** Task brief **
Copy the entries word for word. Keep the pictures out.

[Image-caption web data]
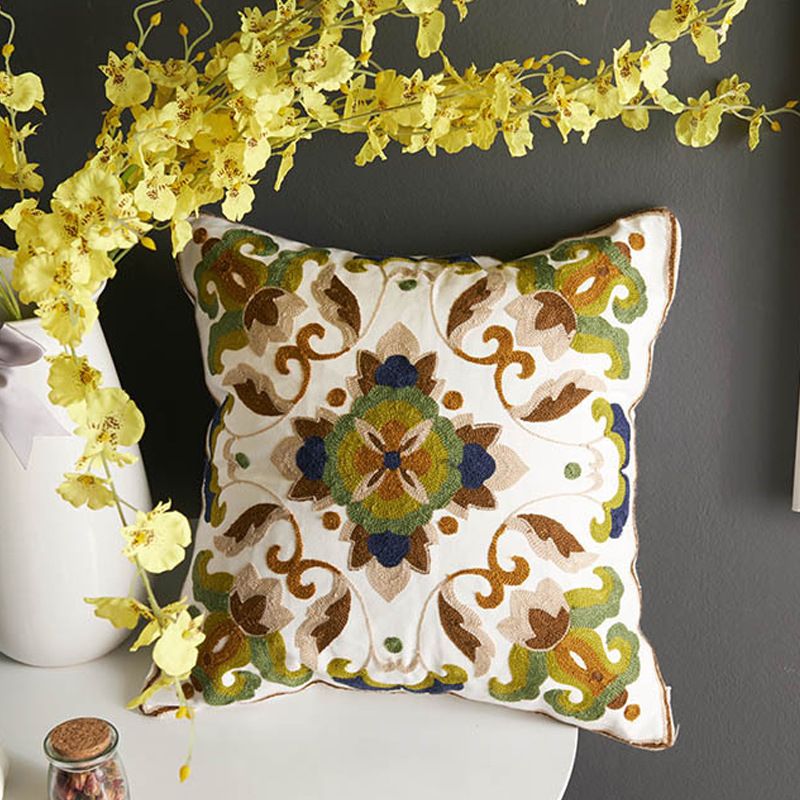Factory direct high-grade cotton towel embroidery sofa pillow case flower and bird cotton embroidery cushion gift customization_voghion.com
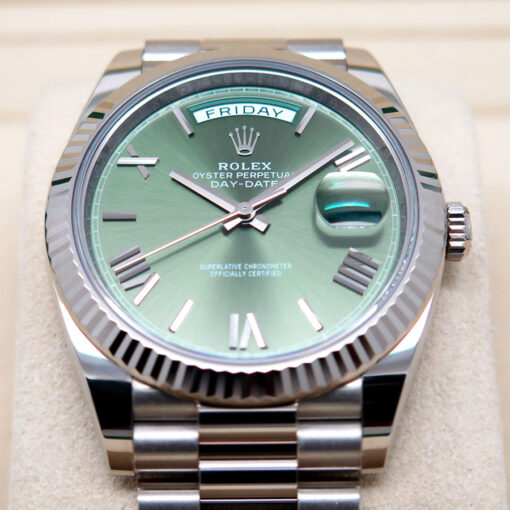 Rolex 228239 Day Date 18K White Gold with Olive Green Roman Dial - Image 3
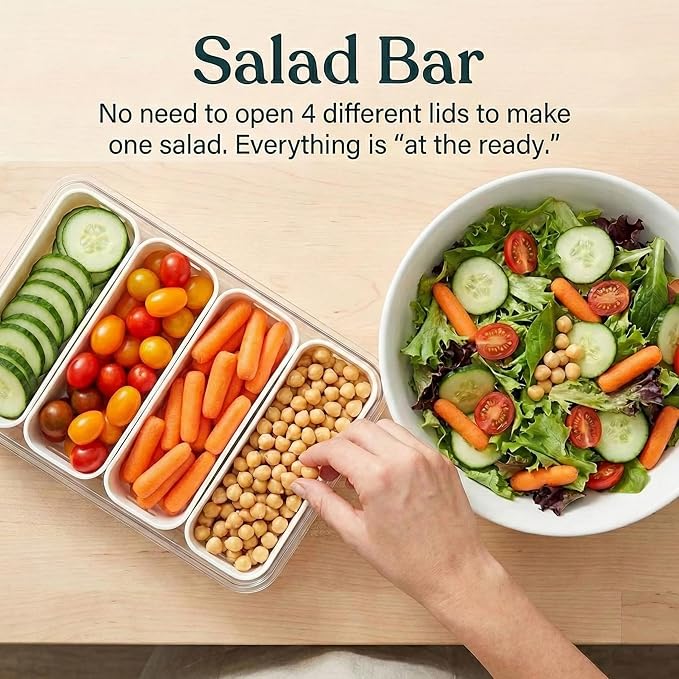[Dishwasher Safe] Salad Bar Containers for Fridge, Veggie Containers for Refrigerator, Salad Prep Containers for Fridge, Veggie Tray with Lid, Storage & Organizer for Fruit, Berry, Produce Keeper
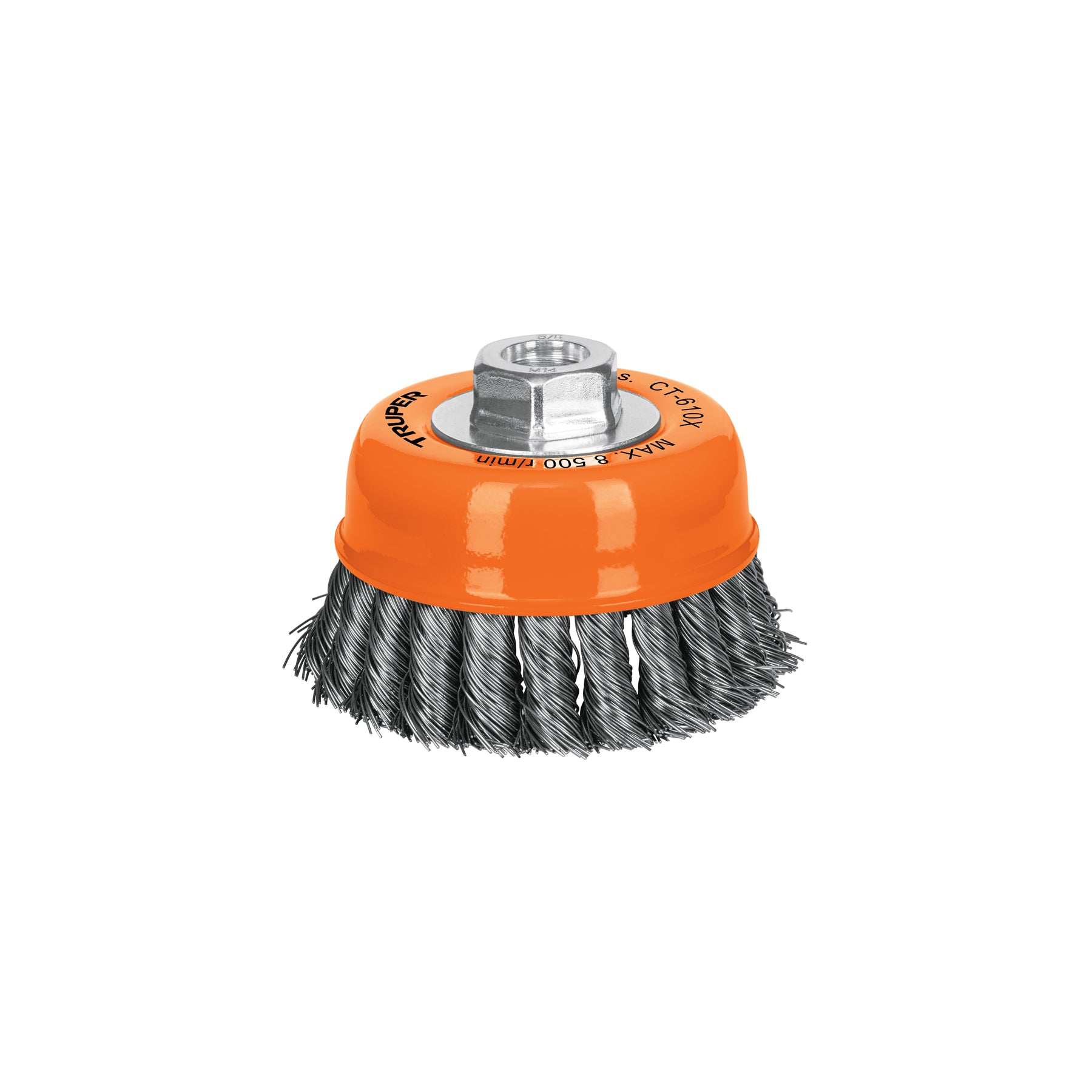Carda copa 4" alambre trenzado grueso, eje 5/8"-11, Truper
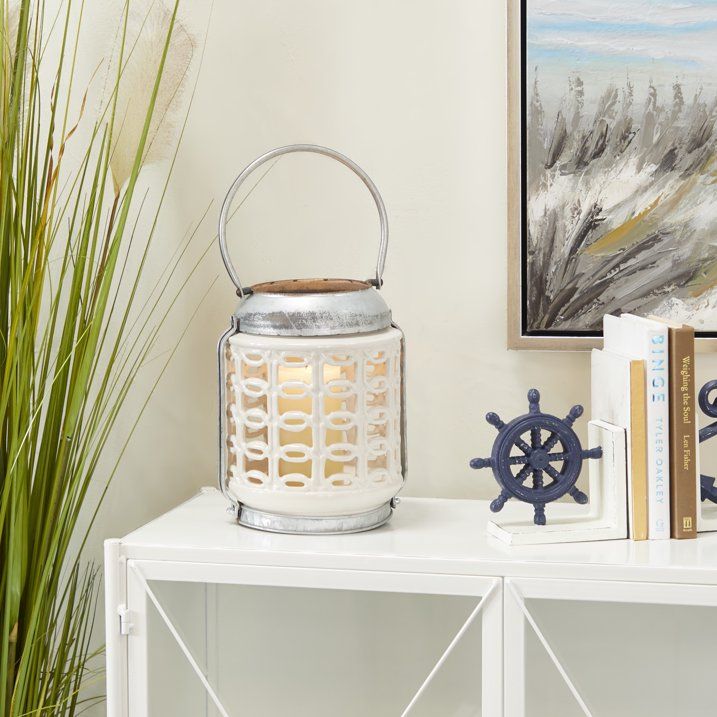 DecMode 8"W, 10"H Coastal Stoneware Lantern, White, 1 - Piece - SJB-DIAMOND ELITES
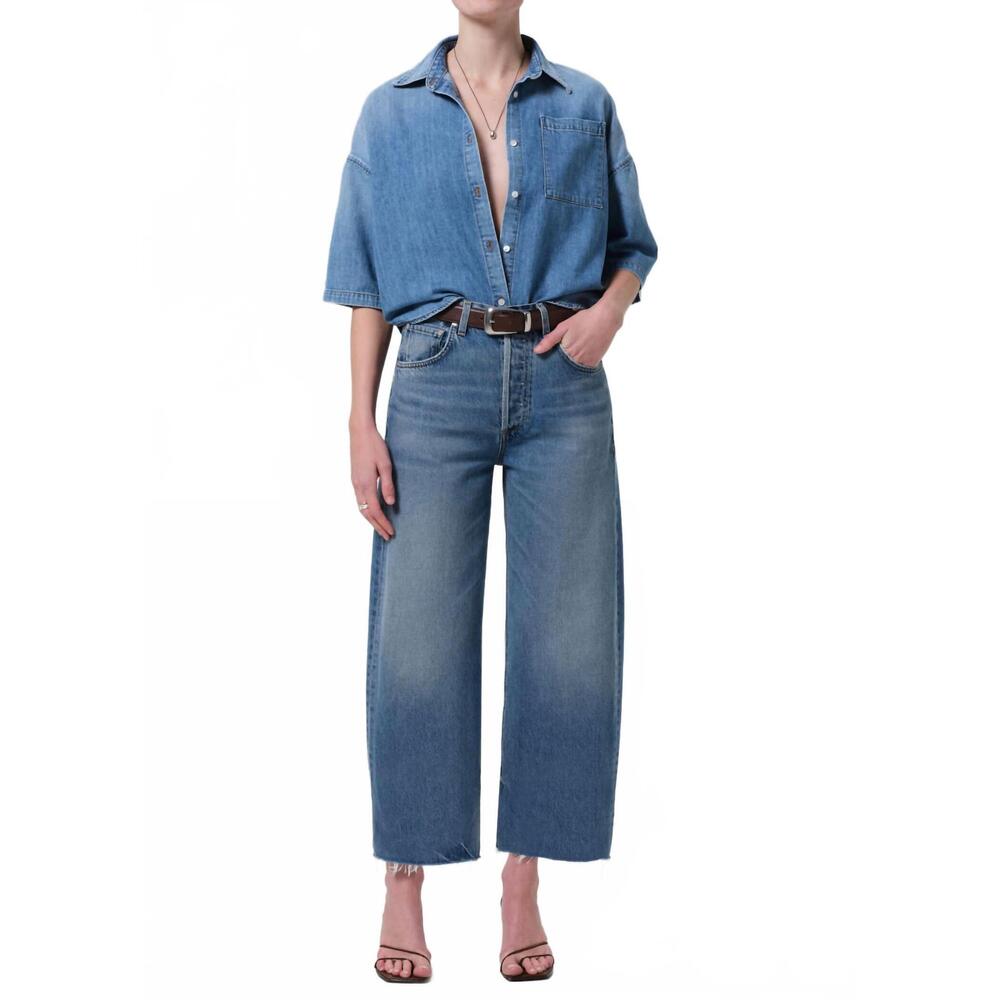 NEW CITIZENS OF HUMANITY ayla raw hem crop jeans in telegraph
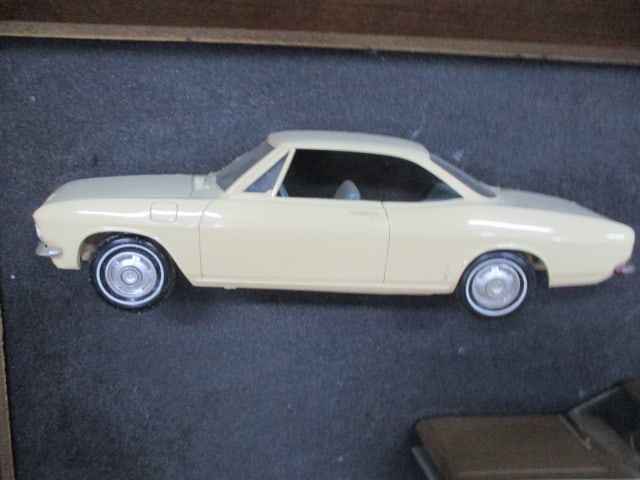 RARE Vintage Dealer Promotional "Driver Side" 1/2 Car Promos In Wooden Shadow Box - 3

** Answer space **
Factory direct high-grade cotton towel embroidery sofa pillow case flower and bird cotton embroidery cushion gift customization_voghion.com
 Rolex 228239 Day Date 18K White Gold with Olive Green Roman Dial - Image 3
[Dishwasher Safe] Salad Bar Containers for Fridge, Veggie Containers for Refrigerator, Salad Prep Containers for Fridge, Veggie Tray with Lid, Storage & Organizer for Fruit, Berry, Produce Keeper
Carda copa 4" alambre trenzado grueso, eje 5/8"-11, Truper
 DecMode 8"W, 10"H Coastal Stoneware Lantern, White, 1 - Piece - SJB-DIAMOND ELITES
 NEW CITIZENS OF HUMANITY ayla raw hem crop jeans in telegraph
 RARE Vintage Dealer Promotional "Driver Side" 1/2 Car Promos In Wooden Shadow Box - 3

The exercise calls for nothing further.